Cette passe d’armes est le dernier acte d’un affrontement qui a démarré le 12 février, lorsqu’un mouvement de grève a été lancé sur tous les sites de Neuhauser, pour demander des augmentations salariales afin de faire face à l’inflation. La grève a été particulièrement suivie à Folschviller, le fief de Christian Porta. Durant cette journée, la direction a envoyé à l’ensemble des salarié·es du site un courrier dans lequel elle se disait prête à envisager « avec [les soutiens du syndicaliste] leur sortie de l’entreprise dans les meilleurs délais ».

Cinq jours avant cette grève, la direction avait aussi envoyé à Christian Porta une convocation pour l’entretien disciplinaire qui débouchera finalement sur son licenciement. La convocation était assortie d’une période de mise à pied conservatoire, avec interdiction d’accéder aux locaux de l’entreprise.

La société a même embauché des agents de sécurité pour empêcher le délégué CGT d’accéder au site. Dès le 8 février, assistés par la gendarmerie, ils lui en ont interdit l’entrée. Le syndicaliste, qui assure avoir été « intimidé physiquement » à cette occasion, a aussi saisi la justice en urgence sur ce point.

” Des salariés sont partis de la salle d’audience quand ils ont vu la direction, par peur des représailles.”

Christian Porta

Et le 16 février, le tribunal judiciaire de Sarreguemines lui a donné raison, jugeant que l’interdiction qui lui était faite « d’accéder et de circuler sur les sites […] port[ait] atteinte à l’exercice de ses droits syndicaux ». Le tribunal a aussi estimé que « les allégations de harcèlement moral » portées par la direction « ne sont corroborées par aucun élément probant ».
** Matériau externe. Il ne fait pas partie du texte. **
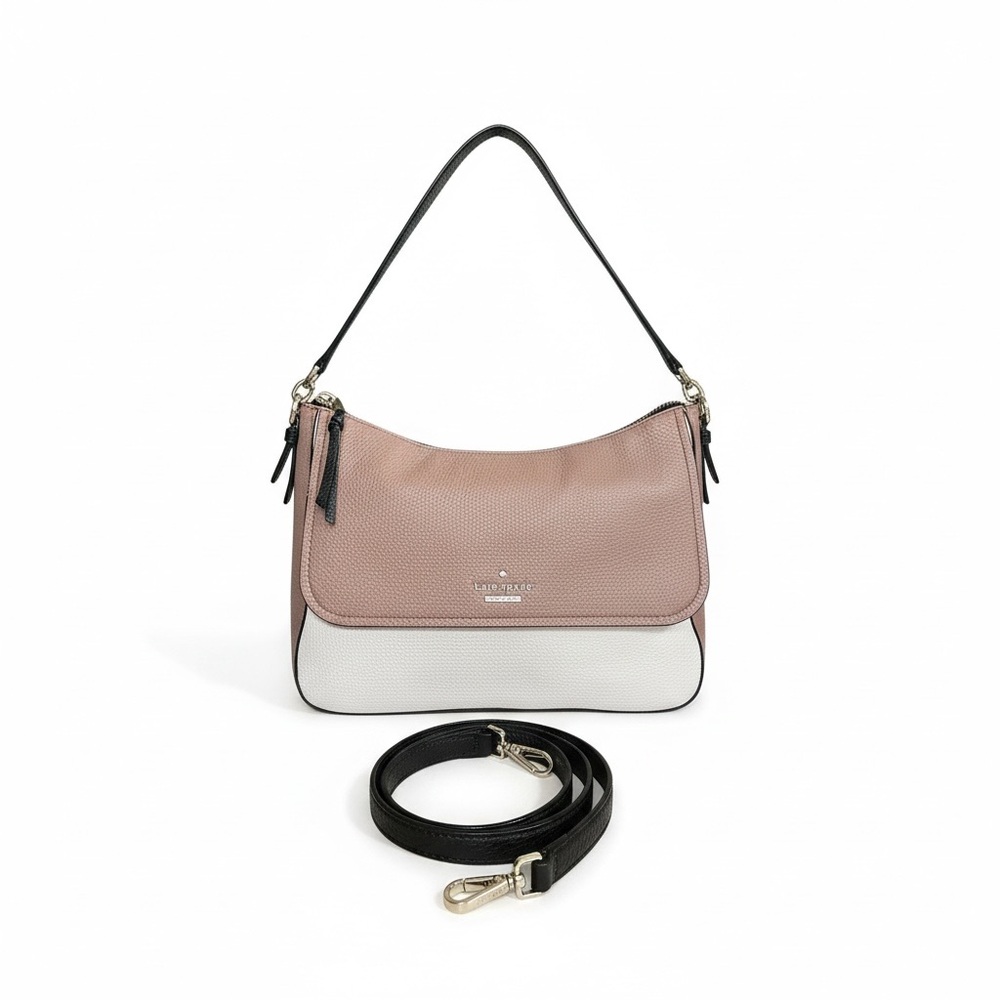 Kate Spade Blush & Cream Pebbled Leather Shoulder Bag | Colorblock | Crossbody - Picture 13 of 14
En parallèle, des élu·es du personnel avaient déposé un droit d’alerte dans l’entreprise et exigé l’ouverture d’une enquête pour « harcèlement discriminatoire » envers leur camarade. Et l’inspection du travail a également déjà rappelé plusieurs fois à l’ordre la direction pour des entraves au mandat syndical du délégué CGT.

À la sortie de l’audience du 10 mai, à laquelle il assistait en son nom propre, mais aussi en tant que secrétaire général de l’union locale CGT de Saint-Avold, Christian Porta s’est dit « très satisfait »« Ils disent que je suis harceleur, mais le harcèlement, il est dans les 500 000 euros d’huissier dépensés par la direction pour me surveiller » – un chiffre contesté par la direction de l’entreprise. « Il y a des salariés qui sont partis de la salle d’audience quand ils ont vu la direction, par peur des représailles », dénonce le syndicaliste.
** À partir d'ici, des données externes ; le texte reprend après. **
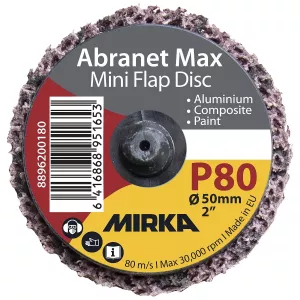 Abranet Max Mini Lamellskiva P80 50Mm Med Snabbfäs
Il assure aussi que ses soutiens ont été mis sous pression : « On a cinq grévistes qui m’ont soutenu, dont trois élus. Ils ont été convoqués et on leur a reproché d’avoir un peu dépassé les pauses et d’avoir été virulents avec les salariés… » Questionné sur ce point, le DRH d’InVivo, Sébastien Graff, a indiqué n’être pas au courant, mais a rappelé que « le fait de soutenir M. Porta n’est pas un motif disciplinaire en soi ».

Le délibéré a été fixé au 24 mai. Si Christian Porta l’emporte, son employeur fera-t-il appel ? « Peut-être, on fera ce qu’il faut », indique le DRH. Lequel promet : « Nous allons aussi attaquer l’État sur son incapacité à gérer le cas Porta. »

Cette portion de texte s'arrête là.